[Opening Dataset excerpt section]

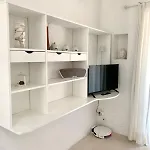 Apartamento Bright Frescoed Attic In The Center,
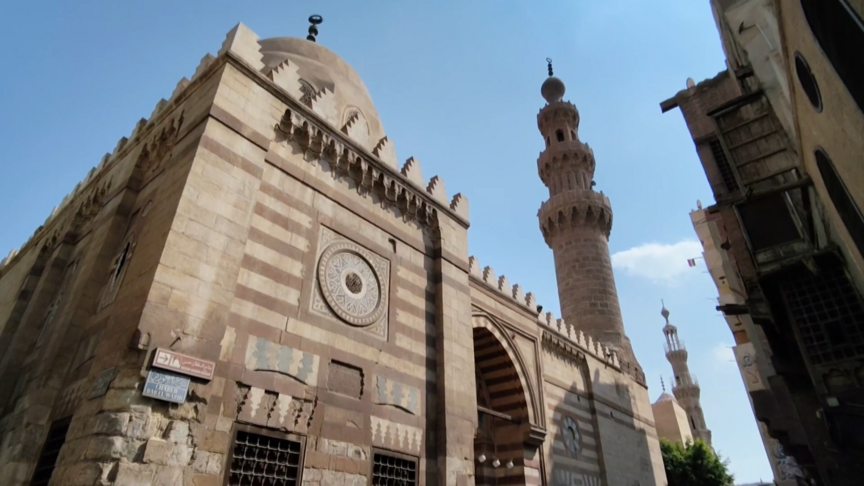 Kahire'deki Mavi Cami, Memlük mimarisi ve Osmanlı dokunuşlarının izlerini taşıyor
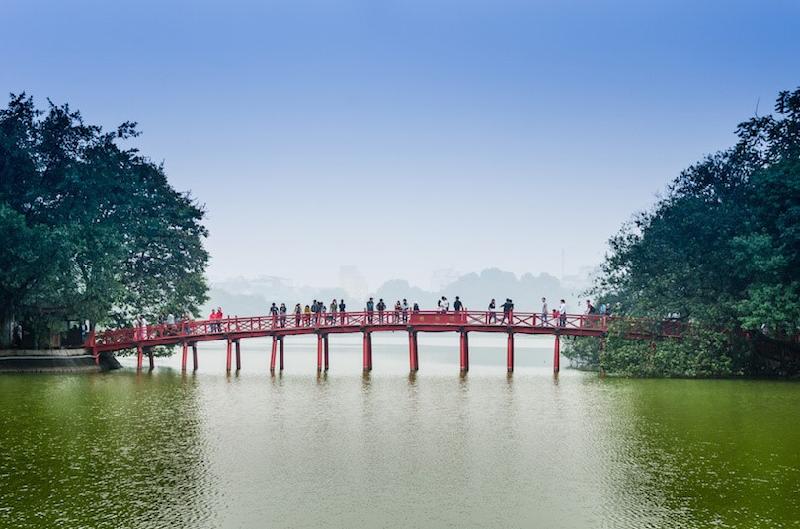 Hà Nội: Thủ đô nghìn năm văn hiến với khu phố cổ đặc trưng, lưu giữ nét kiến trúc lâu đời cũng như nhiều giá trị truyền thống luôn chờ đợi du khách quốc tế khám phá. Hồ Hoàn Kiếm với đền Ngọc Sơn và cầu Thê Húc - những biểu tượng của Hà Nội. Ngoài ra, du khách có thể tìm hiểu văn hóa - lịch sử đất nước khi tới tham quan Lăng chủ tịch Hồ Chí Minh, nhà tù Hỏa Lò, bảo tàng dân tộc học... Ảnh: Touropia.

[Closing Dataset excerpt section]

**What to do**
Return every line shown above without changing a word, and skip the pictures.

**Answer for this exercise**
 Apartamento Bright Frescoed Attic In The Center,
 Kahire'deki Mavi Cami, Memlük mimarisi ve Osmanlı dokunuşlarının izlerini taşıyor
 Hà Nội: Thủ đô nghìn năm văn hiến với khu phố cổ đặc trưng, lưu giữ nét kiến trúc lâu đời cũng như nhiều giá trị truyền thống luôn chờ đợi du khách quốc tế khám phá. Hồ Hoàn Kiếm với đền Ngọc Sơn và cầu Thê Húc - những biểu tượng của Hà Nội. Ngoài ra, du khách có thể tìm hiểu văn hóa - lịch sử đất nước khi tới tham quan Lăng chủ tịch Hồ Chí Minh, nhà tù Hỏa Lò, bảo tàng dân tộc học... Ảnh: Touropia.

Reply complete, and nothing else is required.